Freestyle Fellowship – The Promise
Circa ’93, I came across a little song called “Hot Potato” by a group called the Freestyle Fellowship. It was wacky and fun, but it was also innovative and it showed some superior lyrical skill. I was enthralled with the group and quickly gathered up everything I could find and they never disappointed. Their first album, “To Whom it May Concern”, while no masterpiece, was a solid record. However, “Inner City Griots” was an absolute masterpiece, one that is stilled played on a regular basis almost twenty years later. Between various solo albums, guest appearances and the highly acclaimed “Project Blowed” compilation,. The group consistently impressed me for the next several years.
But alas, things change and at some point, they lost their appeal. It could have been my growth and changing taste, but at times, there later releases seamed a little lazy and they lacked that spark. But being the obsessive fan I am, I always check out their releases which brings us to their latest album, “The Promise.”
I can honestly say that I’m actually somewhat impressed. “The Promise” is a solid album. The album is full of creative songs, inspired lyrics, and moments of genius. It’s got some of their trademark harmonies. It’s got some straight-up lyrical gems.

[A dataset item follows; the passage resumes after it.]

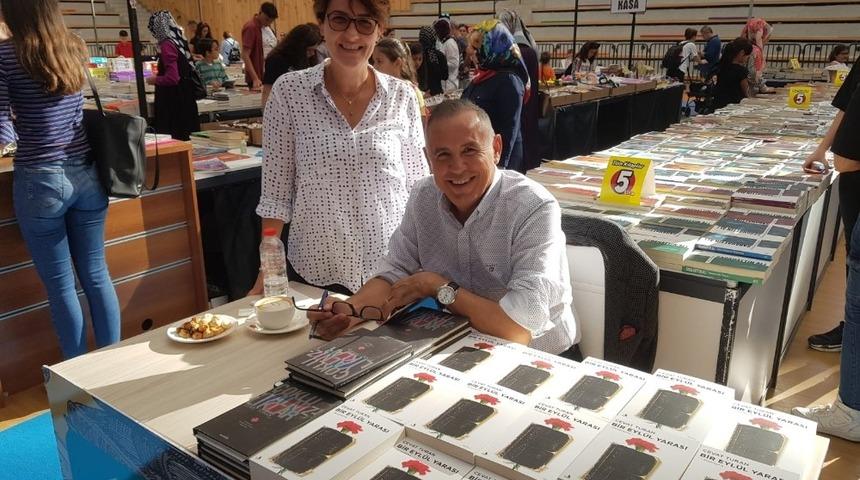 10 Burda AVM, Cevat Turan&rsquo;ı okurları ile buluşturdu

The main disappointment is the production. Gone is that sample heavy, jazzy vibe of “Inner City Griots.” Unfortunately, that’s a problem across the board with Hip-Hop. Sampling is the foundation of the beat and since sampling has been demonized, its hard to really do it like it was back in the day, so the music suffers. But enough of that rant…The beats on “The Promise” are, with some exception. more in that electro style that has permeated the west coast lately. The Fellowships vocals have always been heavily rooted in Jazz, and it has long been its own instrument and that’s why their earlier work was so ground breaking because everything worked together so well. So paring their vocals with more standard hip-hop productions styles has some limitations.
That said though, as emcees, these guys are at such a caliper that even with some slightly sub-par production, they still shine, which ends up making this a pretty good album, their best since “Inner City Griots.”